The Finance Ministry has increased the rates by up to half a percentage point for 2012-13 on various small saving schemes.
But, despite this increase, rates on the small savings are still lower than interest rate on bank deposits.
The average rate on bank deposits with varying maturity is 8.5 to 9.25 per cent. The new rates on small savings (except 5-year senior citizen saving schemes) would be in the range of 8.2 to 8.9 per cent.
In an order issued here on Monday, the Ministry of Finance said that the new rates will be effective from April 1, 2012. The rates have been revised on the basis of change in the rates on Government Securities (G-Sec). This has been done on the recommendations made by the Shyamala Gopinath Committee.

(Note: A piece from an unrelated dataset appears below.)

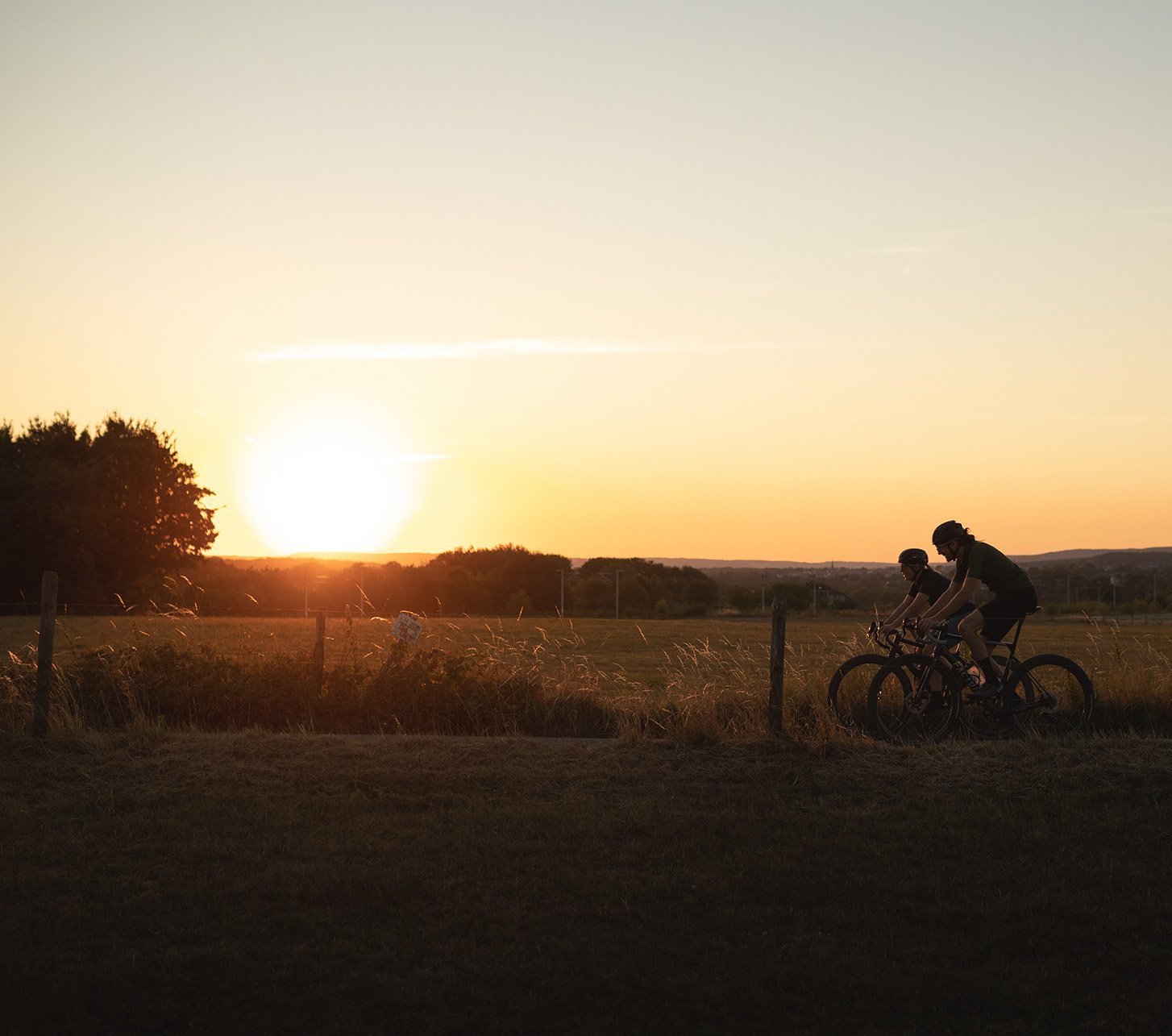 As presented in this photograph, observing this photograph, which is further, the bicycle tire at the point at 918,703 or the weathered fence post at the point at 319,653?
the weathered fence post at the point at 319,653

People investing in one-year time deposits will gain the most, as the rate here has gone up by maximum of half percentage point, while NSC and PPF depositors will benefit by 20 basis points. There has been no change on savings deposits without any fixed maturity.
Small savings, despite tax incentives, have not been a favourite with small depositors. Experts believe that one of the reasons for this is the lower interest rates in comparison with other instruments available. Hence, there has been net outflow from the small savings.
According to the revised estimate given in the Budget, the net outflow is likely to be over Rs 10,000 crore during 2011-12. During 2012-13, the Finance Ministry estimates there will be net inflow of nearly Rs 1,200 crore.